而日日与我相伴的也是一头肮脏的“怪兽”,它全身都沾满了泥浆,一层一层,不断凝固,又不断覆盖再凝固,腹中时刻翻搅着粘稠的浆水,而它的眼睛,更是被污渍遮蔽。但是,我们却不得不需要它,它日日在我身旁吞吐泥浆,发出低沉浑厚的呻吟,满满的是愤懑和委屈。

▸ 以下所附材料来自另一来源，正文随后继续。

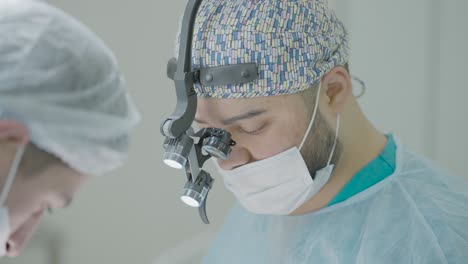 surgeon performing a procedure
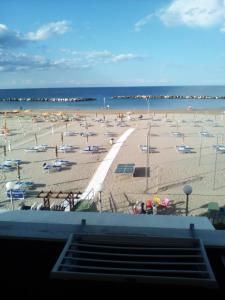 uma vista para uma praia com cadeiras e guarda-sóis em Hotel Giordano Spiaggia em Rimini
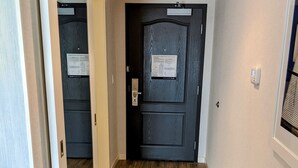 A hallway with a wooden floor, a black door with an emergency exit sign, and a small bench. - Chateau Fredericton, Trademark Collection by Wyndham (Fredericton)
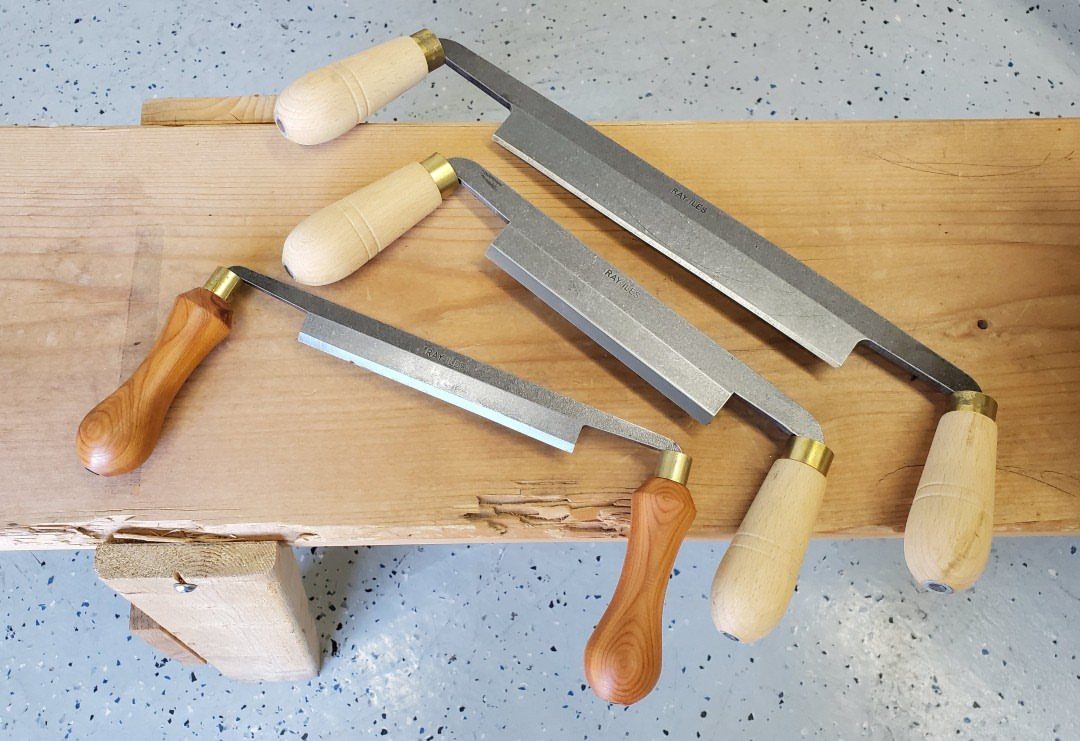 Green Woodworking Tools: 6 Essentials for the Workshop 1 Three drawknives with wooden handles resting on a thick light-colored wooden beam.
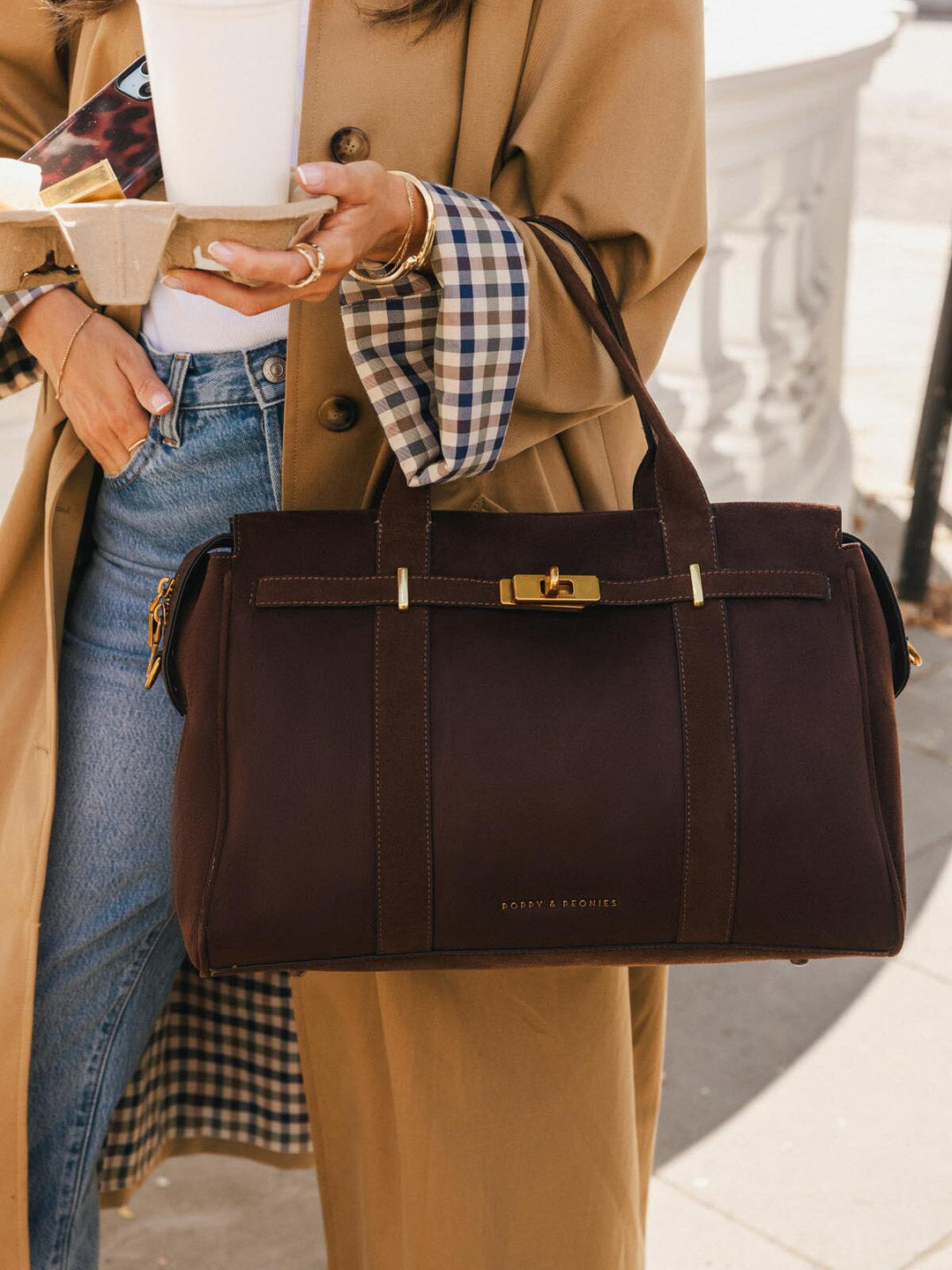 Close-up of Poppy & Peonies Effortless Tote in Espresso Suede carried by the top handles, showcasing its decorative turn-lock hardware, belting detail and rich suede exterior.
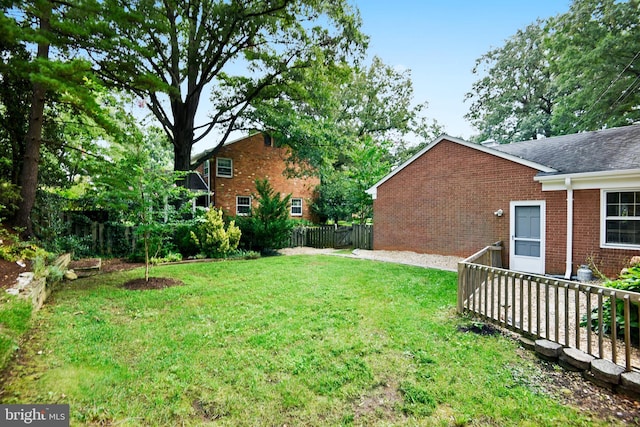 view of yard with a wooden deck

而被它报复是在今早。我的同事无事闲来,伴我少顷。那头“怪兽”依然在被奴役着工作着,耳旁依然是那种低吟。同事一边曲身注视它的眼睛一边问:“这个压力表,现在的指数是多少啊?”它那覆盖满污渍的眼睛早已浑浊不堪,我便费力地擦拭着。它像被我刺痛那般,突然间,一股强烈而污浊的浆体喷面而来,只感觉到浓稠的液体开始从我的头往下流不断蔓延,轻易地穿透衣服侵蚀皮肤,在皮肤上缓缓凝结。工人不好意思地说:“接管阀门坏了,就喷浆了……”等我回到办公室,泥浆早已凝结成块,一碰即掉,只是在皮肤上留下一片污黑的印渍。
我在淋浴间使劲擦洗了身体,又在洗衣房不断搓洗着衣服。看着布满密密麻麻污点的衣服,怎么洗也洗不掉。看着指甲缝里填满了黑色污垢。我突然意识到,我也和他们一样了,和我所嫌鄙的他们一模一样了!
回到寝室,更衣完毕,却感背后如若针刺,如此再熟悉不过的感觉——过敏了。我吃了过敏药,回到现场,它依然在发出那种低吟,现在我知道了,这原来是它的嘲笑声,是对投鼠忌器惺惺作态的我的嫌鄙!的确如此,没有人会愿意满身污浊,而满身污浊的人,却是干净的,这是认真负责的态度,是亲力亲为的精神,是不怕脏不怕苦不怕累的最好凭证。无论领导还是工人,每一个人的身上,都有污浊。漫天尘埃,满地泥泞,我们既在此,怎会有颜面洁净?
同事笑着问我:“衣服洗不干净了吧?”我也笑着说:“没被喷过一身浆,怎么好意思说我是做过压浆的?”那件衣服上的污点,仿佛也变成了勋章。